### What you need to do
Your copy should start at the line with "Mark R. Pugh, Autumn Roses by the Sea, 2020" and end at the line with "Шурупокрут акумуляторний ударний" in the data below. Transcribe only those lines, exactly, pictures excluded.

Supplied records START

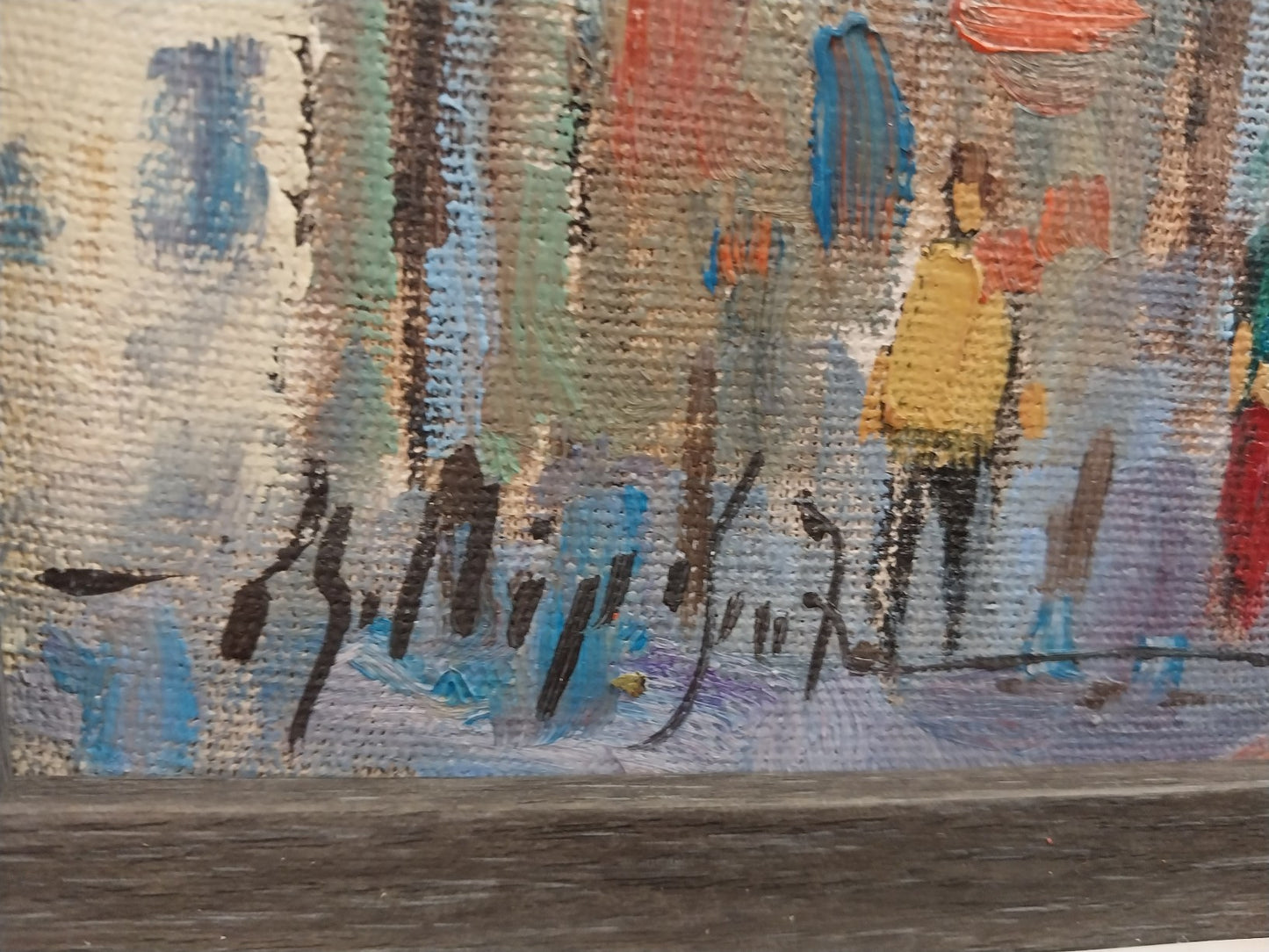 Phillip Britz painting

Supplied records END
Supplied records START

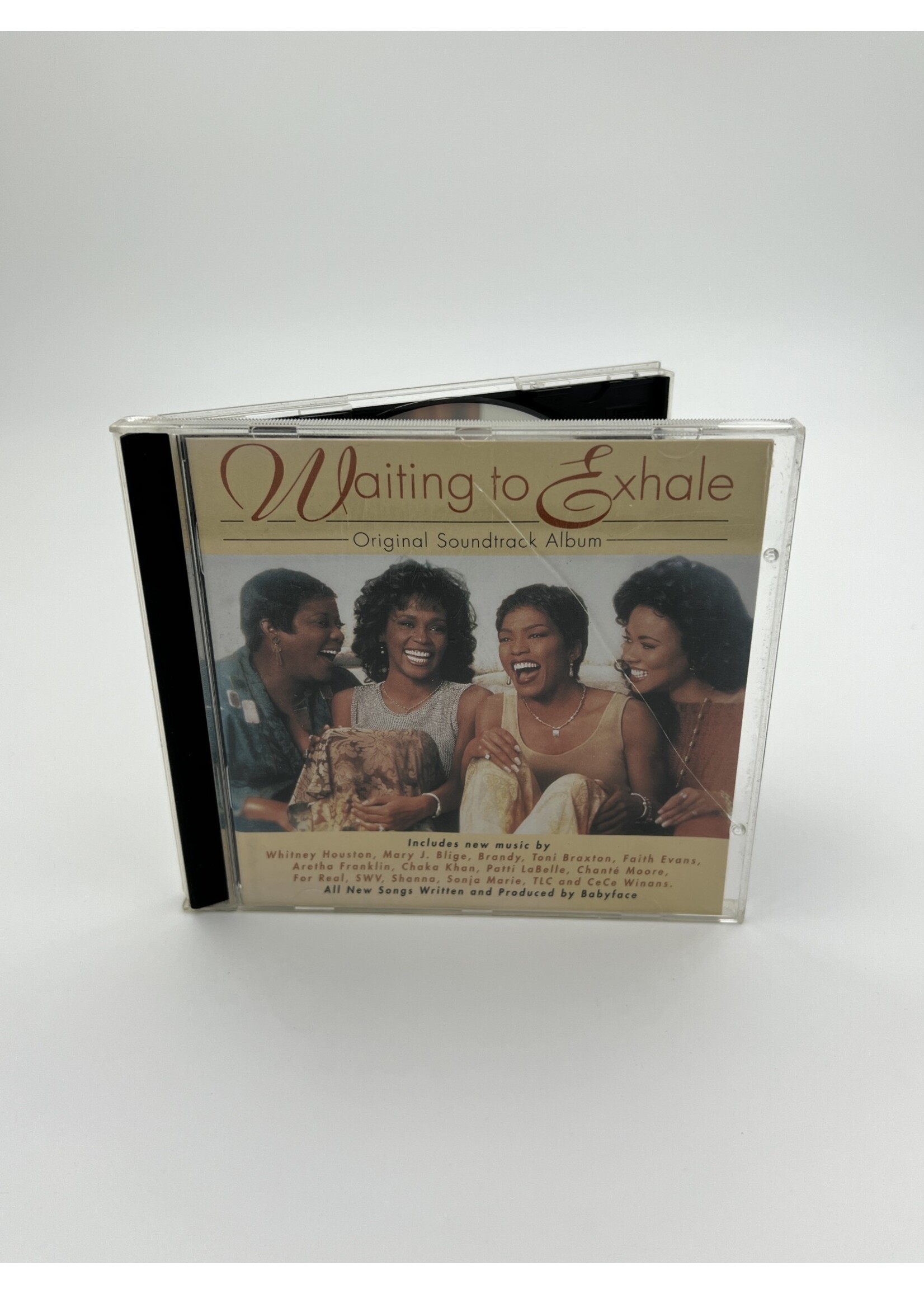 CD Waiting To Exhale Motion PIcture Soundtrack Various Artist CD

Supplied records END
Supplied records START

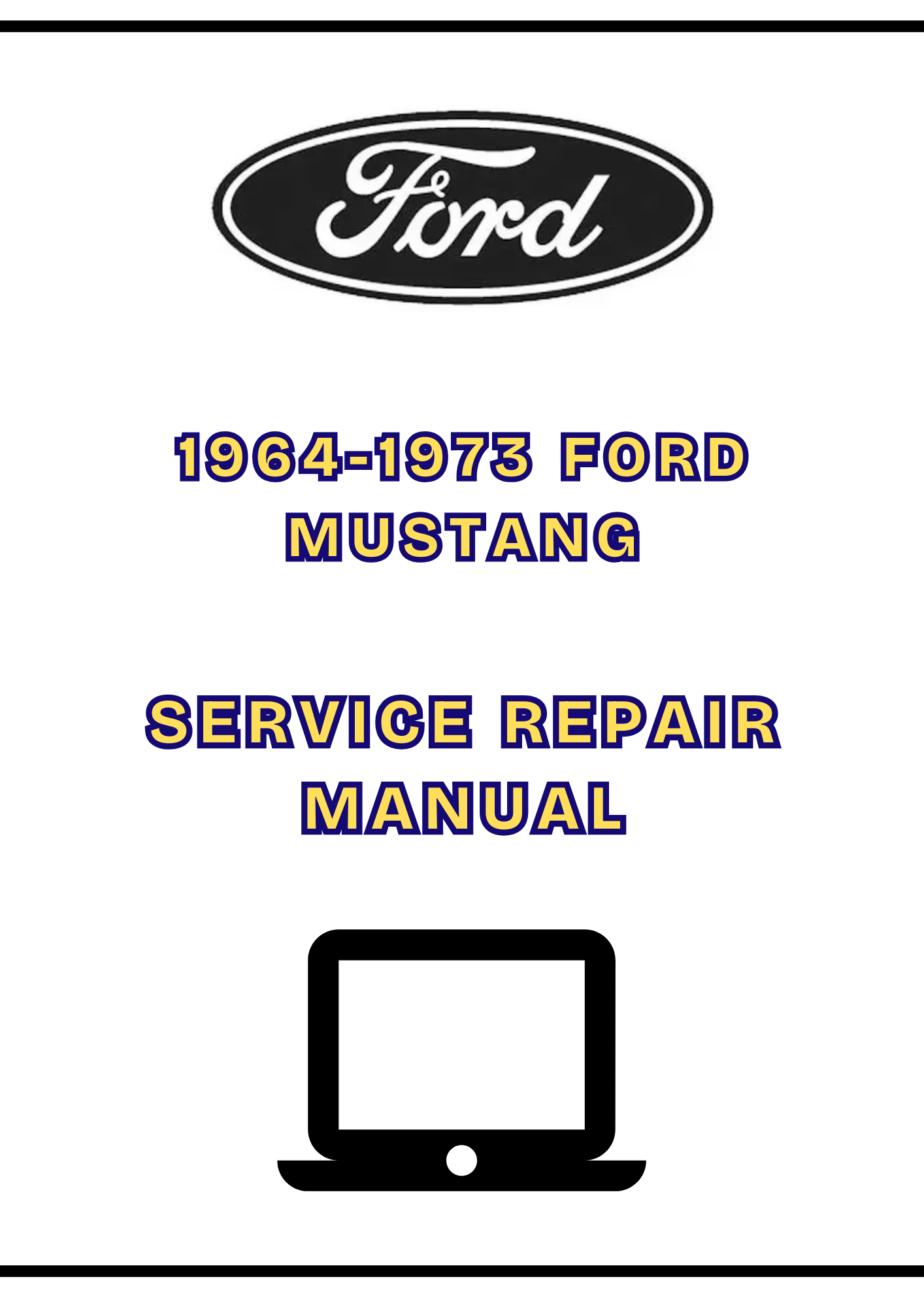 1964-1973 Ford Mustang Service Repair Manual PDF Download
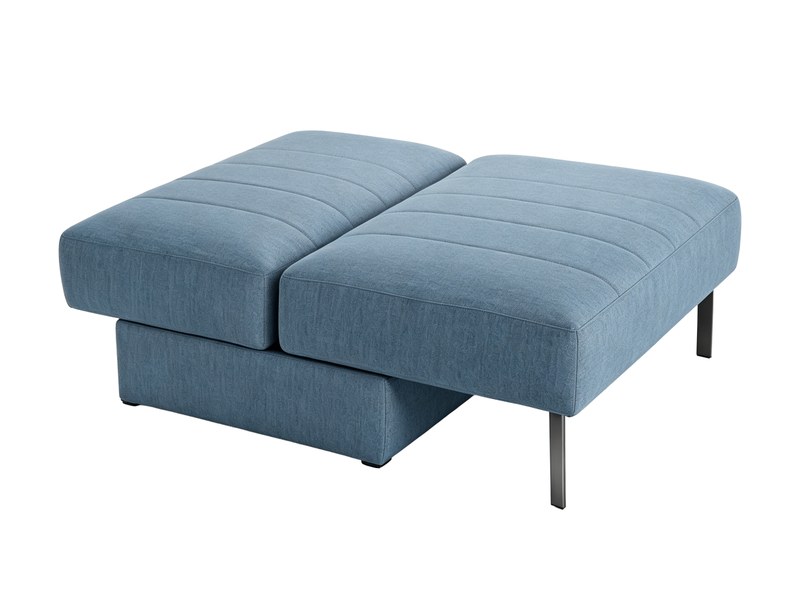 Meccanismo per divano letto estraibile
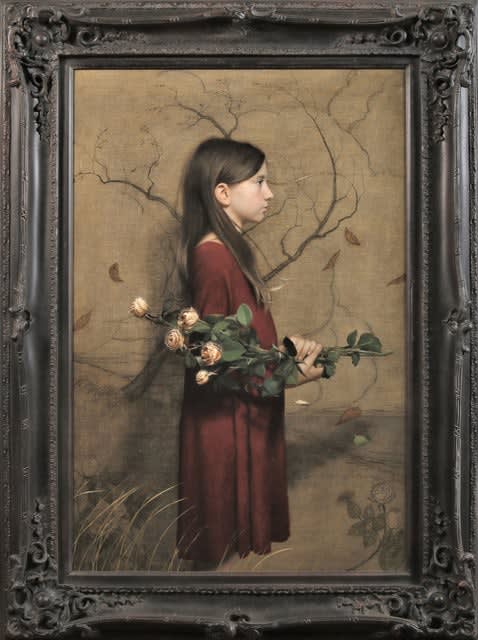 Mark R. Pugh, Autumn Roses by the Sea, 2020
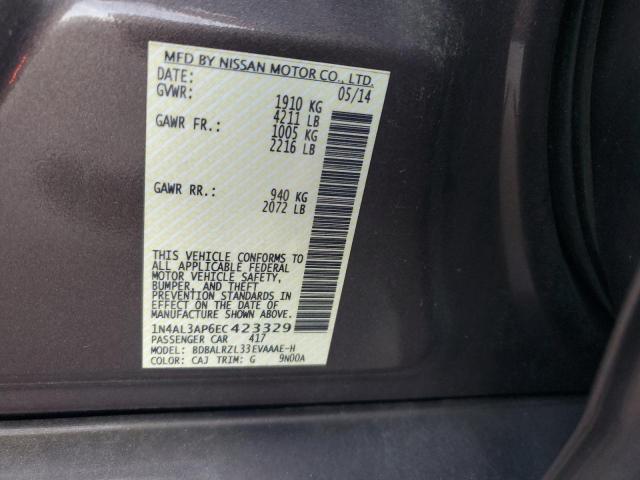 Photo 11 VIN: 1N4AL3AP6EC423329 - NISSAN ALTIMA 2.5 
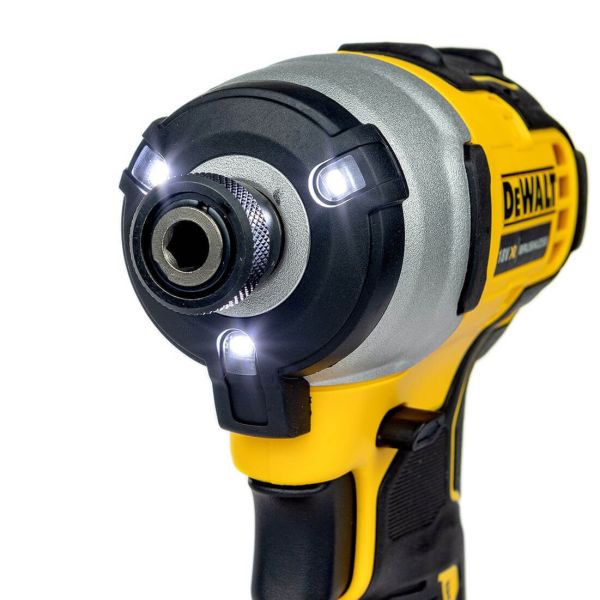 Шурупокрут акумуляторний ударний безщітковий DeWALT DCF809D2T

Supplied records END

### Answer
 Mark R. Pugh, Autumn Roses by the Sea, 2020
 Photo 11 VIN: 1N4AL3AP6EC423329 - NISSAN ALTIMA 2.5 
 Шурупокрут акумуляторний ударний безщітковий DeWALT DCF809D2T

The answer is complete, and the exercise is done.